▶ [Problem details] Please reply with one number only: how many lines in the entries below contain the string "Property".

+++ Input records

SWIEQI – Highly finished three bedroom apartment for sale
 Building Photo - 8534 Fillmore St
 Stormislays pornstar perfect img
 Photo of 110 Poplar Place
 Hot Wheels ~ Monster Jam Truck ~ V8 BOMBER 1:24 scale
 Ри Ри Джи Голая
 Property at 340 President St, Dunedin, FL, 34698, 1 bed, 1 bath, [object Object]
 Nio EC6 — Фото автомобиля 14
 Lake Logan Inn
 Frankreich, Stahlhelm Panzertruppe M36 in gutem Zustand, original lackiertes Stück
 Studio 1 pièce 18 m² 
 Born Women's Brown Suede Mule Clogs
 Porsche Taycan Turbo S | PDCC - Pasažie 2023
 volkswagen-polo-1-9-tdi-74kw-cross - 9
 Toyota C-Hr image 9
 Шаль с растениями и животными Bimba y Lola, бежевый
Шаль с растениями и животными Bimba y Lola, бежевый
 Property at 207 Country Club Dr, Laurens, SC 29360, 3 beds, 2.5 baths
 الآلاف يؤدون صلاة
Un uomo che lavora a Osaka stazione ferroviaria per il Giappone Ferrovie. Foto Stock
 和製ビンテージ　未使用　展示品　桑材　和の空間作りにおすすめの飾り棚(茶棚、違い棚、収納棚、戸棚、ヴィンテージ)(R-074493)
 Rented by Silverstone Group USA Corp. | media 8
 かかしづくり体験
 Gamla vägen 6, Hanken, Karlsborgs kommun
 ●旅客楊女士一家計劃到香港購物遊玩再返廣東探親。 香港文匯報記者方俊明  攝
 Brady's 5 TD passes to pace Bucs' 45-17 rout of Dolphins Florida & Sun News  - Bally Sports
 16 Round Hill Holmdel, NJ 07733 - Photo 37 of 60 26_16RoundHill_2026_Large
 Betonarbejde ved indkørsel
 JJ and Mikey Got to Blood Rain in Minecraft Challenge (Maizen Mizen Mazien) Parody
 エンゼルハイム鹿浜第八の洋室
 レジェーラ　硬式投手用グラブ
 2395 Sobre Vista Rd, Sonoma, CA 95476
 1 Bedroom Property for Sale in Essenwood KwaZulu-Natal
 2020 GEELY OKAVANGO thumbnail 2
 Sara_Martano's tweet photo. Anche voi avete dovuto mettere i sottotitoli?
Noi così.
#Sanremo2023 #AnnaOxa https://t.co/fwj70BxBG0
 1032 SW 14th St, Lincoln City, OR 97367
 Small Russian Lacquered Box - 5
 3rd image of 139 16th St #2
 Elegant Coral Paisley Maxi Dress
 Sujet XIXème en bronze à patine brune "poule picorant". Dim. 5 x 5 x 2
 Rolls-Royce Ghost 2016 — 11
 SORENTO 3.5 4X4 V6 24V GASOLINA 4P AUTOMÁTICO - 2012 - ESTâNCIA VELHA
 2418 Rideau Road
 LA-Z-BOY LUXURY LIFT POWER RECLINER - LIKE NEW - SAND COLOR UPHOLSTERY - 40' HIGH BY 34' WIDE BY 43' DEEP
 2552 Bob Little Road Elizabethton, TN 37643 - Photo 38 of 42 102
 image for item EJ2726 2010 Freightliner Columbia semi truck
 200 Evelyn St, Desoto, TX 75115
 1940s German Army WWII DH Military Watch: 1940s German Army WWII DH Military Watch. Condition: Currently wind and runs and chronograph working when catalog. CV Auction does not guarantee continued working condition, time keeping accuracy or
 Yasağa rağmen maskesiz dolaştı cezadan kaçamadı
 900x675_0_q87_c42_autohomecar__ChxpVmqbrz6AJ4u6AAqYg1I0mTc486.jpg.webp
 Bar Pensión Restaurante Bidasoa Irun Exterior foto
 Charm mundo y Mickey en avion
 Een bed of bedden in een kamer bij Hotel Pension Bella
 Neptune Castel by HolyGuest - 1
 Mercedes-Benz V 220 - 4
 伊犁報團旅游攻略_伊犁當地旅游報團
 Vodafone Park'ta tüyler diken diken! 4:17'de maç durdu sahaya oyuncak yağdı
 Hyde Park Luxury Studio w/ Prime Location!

++++++

▶ [Exercise result] 3